What makes “copy.fail” different

While details are still emerging, early analysis suggests this vulnerability isn’t a classic buffer overflow or memory corruption issue. It’s a logic flaw in how data is copied and validated across privilege boundaries.

In simple terms:

  • The system assumes a sequence of operations is safe
  • Under specific conditions, that assumption breaks
  • An unprivileged user can manipulate that sequence
  • The system grants access it shouldn’t

No crashing. No obvious corruption. Just a flawed assumption.

These are precisely the kinds of bugs that can persist for years because they behave correctly most of the time.

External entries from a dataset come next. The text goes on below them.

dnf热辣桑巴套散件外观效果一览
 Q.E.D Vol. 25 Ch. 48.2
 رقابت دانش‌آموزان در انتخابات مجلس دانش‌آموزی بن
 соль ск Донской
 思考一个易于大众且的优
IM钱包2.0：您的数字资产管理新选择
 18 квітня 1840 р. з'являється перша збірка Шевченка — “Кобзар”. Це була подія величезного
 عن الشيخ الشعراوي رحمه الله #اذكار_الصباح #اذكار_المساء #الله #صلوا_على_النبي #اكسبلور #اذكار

The AI angle: pattern discovery without bias

What’s drawing attention is that this vulnerability was reportedly identified with the help of AI-assisted analysis.

That matters.

AI systems don’t approach code the way humans do. They don’t “trust” common patterns or skip over familiar constructs. Instead, they can:

  • Analyze vast codebases without fatigue
  • Compare similar logic patterns across subsystems
  • Explore unusual state combinations systematically
  • Flag inconsistencies that don’t match expected models

This shifts the problem from:

“Can a human spot the flaw?”

to:

“Does this logic hold under all possible conditions?”

That’s a much higher bar—and one that AI is increasingly suited to test.

Why this should make people slightly uneasy

If AI can find bugs like this now, two implications follow:

1. There are likely a bunch more

If a long-standing, widely deployed system contains one such flaw, it’s reasonable to assume others exist. Not because Linux is uniquely flawed, but because all complex systems are.

2. Discovery is accelerating

The bottleneck is no longer just human expertise. AI-assisted tooling lowers the cost of deep analysis, meaning:

  • More vulnerabilities will be found
  • They will be found faster
  • They may be found by a broader range of actors

This applies to both defenders (good!) and attackers (bad!).

The upside: a shift toward proactive security

There’s a less alarming interpretation.

For decades, security has been reactive—waiting for bugs to surface through crashes, exploits, or manual audits. In my 30 years of IT security research and consulting, I’ve spent my fair share of long nights recovering compromised systems and verifying security patches.

AI changes that dynamic:

  • It enables systematic exploration of edge cases
  • It reduces reliance on known vulnerability patterns
  • It can continuously re-evaluate “trusted” code

In effect, it acts like an endlessly patient reviewer that never assumes correctness.

What this means for non-technical readers

You don’t need to understand Linux kernel internals to grasp the impact here.

Think of it like this:

  • A building has been inspected for decades
  • It passes every known safety check
  • A new scanning tool finds a structural flaw no one thought to test for

The building didn’t suddenly become unsafe. The inspection got better.

That’s what’s happening here.

What to watch next

Expect a few predictable developments:

  • Rapid patching across distributions
  • Backporting fixes to older systems
  • Increased scrutiny of similar code paths
  • More announcements of “previously hidden” vulnerabilities

And more quietly:

  • Wider adoption of AI-assisted security analysis tools

Final observation

The “copy.fail” vulnerability is notable, but not exceptional. What’s exceptional is the method behind its discovery.

For years, the assumption was that widely used, mature systems were relatively well understood. That assumption is starting to erode.

Not because the systems changed—but because our ability to examine them just improved significantly.